Build Customized FPGA Implementations for Vivado
http://www.rapidwright.io
Other
284 stars 109 forks source link

NullPointerException and/or incorrect Node's returned from Wire.getNode method #105

Closed litghost closed 3 years ago

litghost commented 3 years ago

The Wire.getNode method appears to return the incorrect Node or even cause a NullPointerException. Test case is in #103. Example invocation:

# java com.xilinx.rapidwright.tests.NodeToWiresToNode xc7a35tcpg236-1
==============================================================================
==               Check Node -> Wires -> Node: xc7a35tcpg236-1               ==
==============================================================================
             Load Device:     0.872s     59.640MBs
Exception in thread "main" java.lang.RuntimeException: Got different Node on Node -> Wire -> Node, node 1 = WR1BEG_S0 node 2 = CMT_TOP_WL1END3_12
        at com.xilinx.rapidwright.tests.NodeToWiresToNode.testNode(NodeToWiresToNode.java:41)
        at com.xilinx.rapidwright.tests.NodeToWiresToNode.main(NodeToWiresToNode.java:78)

The current code in #103 uses:

            if(!node.getWireName().equals(nodeFromWire.getWireName())) {

for equality checking, but:

            if(!node.equals(nodeFromWire)) {

fails too.

If the check is completely removed, the following error is produced instead:

# java com.xilinx.rapidwright.tests.NodeToWiresToNode xc7a35tcpg236-1
Exception in thread "main" java.lang.NullPointerException
        at com.xilinx.rapidwright.device.Tile.a(Unknown Source)
        at com.xilinx.rapidwright.device.Node.a(Unknown Source)
        at com.xilinx.rapidwright.device.Node.<init>(Unknown Source)
        at com.xilinx.rapidwright.device.Node.<init>(Unknown Source)
        at com.xilinx.rapidwright.device.Wire.getNode(Unknown Source)
        at com.xilinx.rapidwright.tests.NodeToWiresToNode.testNode(NodeToWiresToNode.java:38)
        at com.xilinx.rapidwright.tests.NodeToWiresToNode.main(NodeToWiresToNode.java:79)
clavin-xlnx commented 3 years ago

This is very similar to Issue #63. I've looked into trying to resolve the missing Node references but getting all of them requires a non-trivial amount of effort on the internal RapidWright side.
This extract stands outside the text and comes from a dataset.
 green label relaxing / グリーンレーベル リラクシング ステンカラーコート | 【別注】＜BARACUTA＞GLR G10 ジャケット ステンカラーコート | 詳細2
Reproducing this issue, is rather straight-forward with a "for all" loop. However, in practical settings, it is unlikely to have much use for a Node reference from arbitrary Wire elements that do not have much significance. However, I am open to be persuaded otherwise.
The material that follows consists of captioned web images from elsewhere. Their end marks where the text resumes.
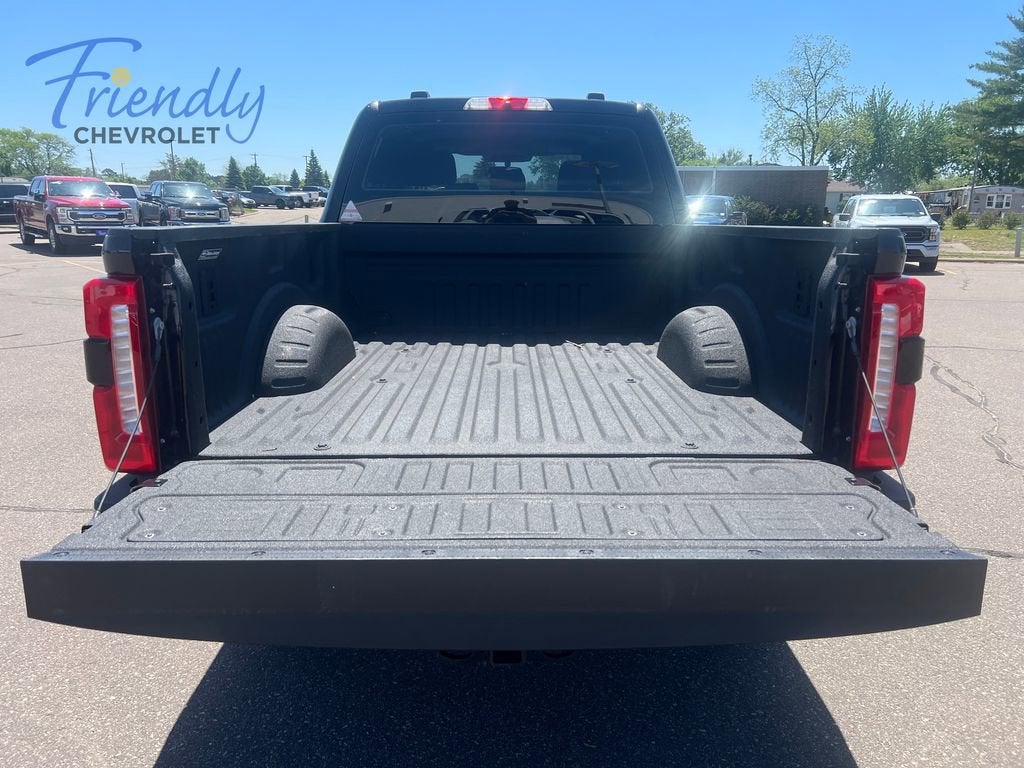 2025 Ford F-350 XL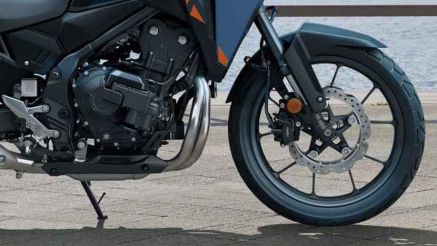 Honda chính thức ra mắt ‘ông hoàng côn tay’ mới phân khúc trên Winner R và Yamaha Exciter, giá cực kỳ cạnh tranh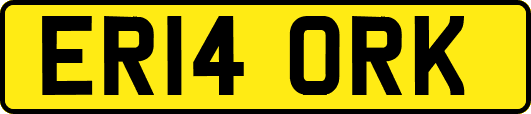 ER14ORK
litghost commented 3 years ago

This is very similar to Issue #63. I've looked into trying to resolve the missing Node references but getting all of them requires a non-trivial amount of effort on the internal RapidWright side.

Reproducing this issue, is rather straight-forward with a "for all" loop. However, in practical settings, it is unlikely to have much use for a Node reference from arbitrary Wire elements that do not have much significance. However, I am open to be persuaded otherwise.
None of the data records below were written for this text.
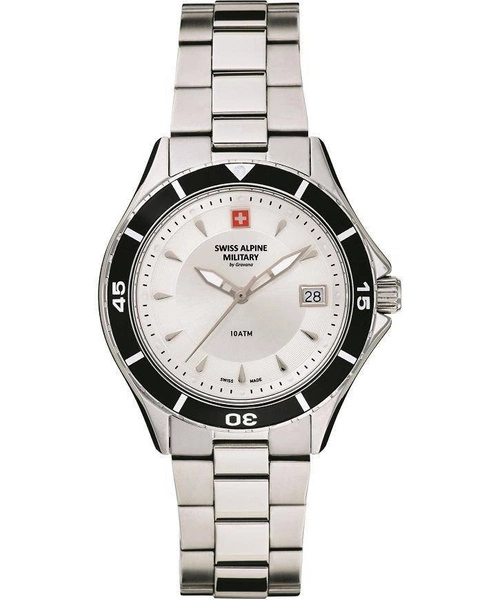 Zegarek damski SWISS ALPINE MILITARY SAM7740.1132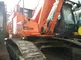 Used HITACHI ZX520LCR-3 Excavator,Used Hitachi 52 Ton Excavator For Sale supplier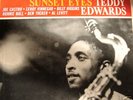 Teddy Edwards: Sunet Eyes. Pacific Jazz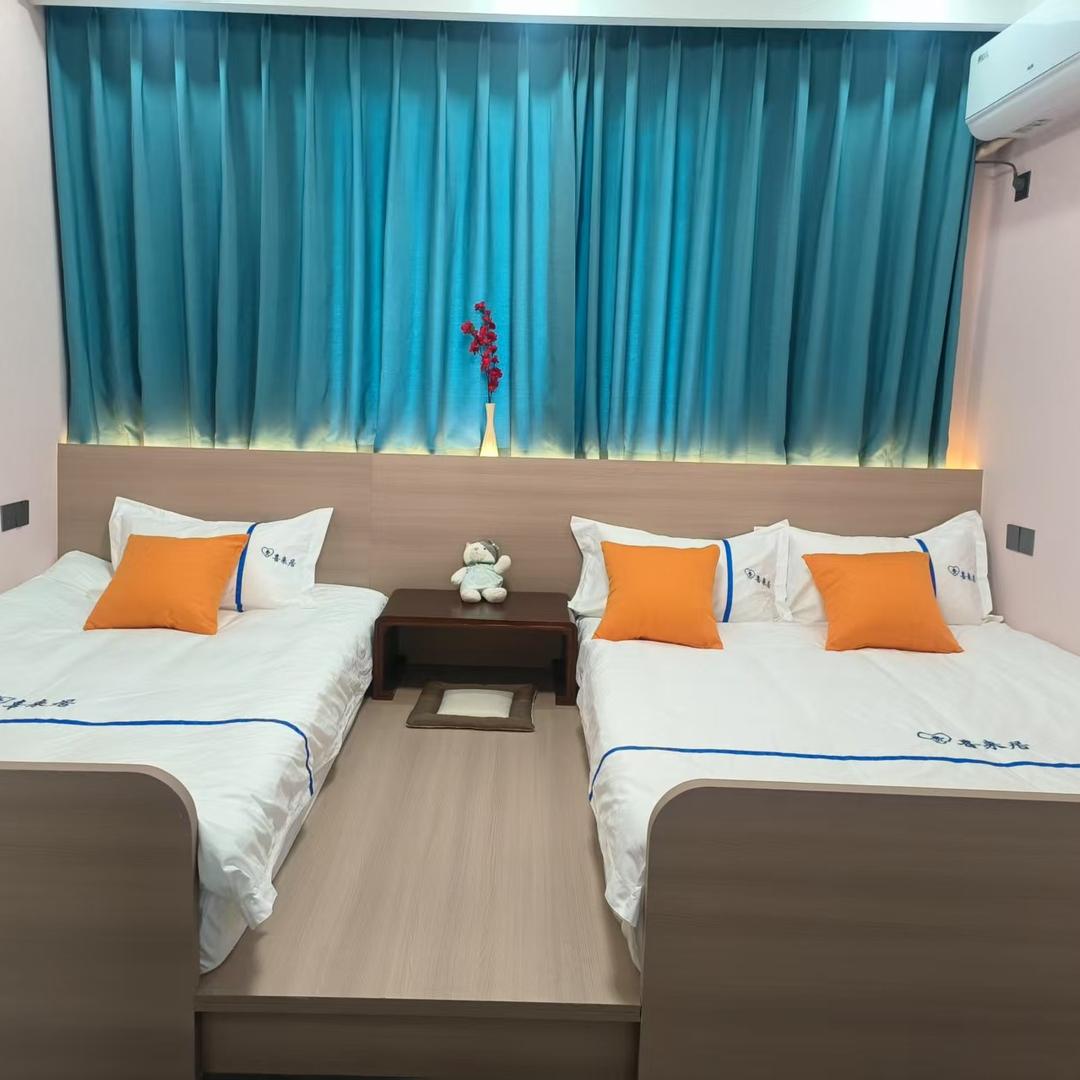 象山喜来居民宿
I'd argue you should either make Wire.getNode always work, or remove it. Semi-randomly causing a NPE is not an acceptable implementation.

In terms of fixes, I've prototyped a solution for this (wire -> node) that was intended for the device database node <-> wire relationship. It is general enough to be used in RapidWright to implement this properly: https://github.com/SymbiFlow/prjxray/pull/1477

Data model: https://github.com/SymbiFlow/prjxray/blob/5d77fb36d3773bfddd764a9f9f3623c6b139b5f1/minitests/graph_folding/graph_storage.capnp Example implementation: https://github.com/SymbiFlow/prjxray/blob/5d77fb36d3773bfddd764a9f9f3623c6b139b5f1/minitests/graph_folding/graph_lookup.py

clavin-xlnx commented 3 years ago

I agree, NPEs are not acceptable and need to be fixed. Modifying the backend implementation is expensive and I am continuing to explore to identify a lower cost solution.

clavin-xlnx commented 3 years ago

This should be fixed in 2020.1.6. There is a small runtime hit, especially for larger devices when querying uncommon wires, but a message will print on the first instance and will be cached thereafter.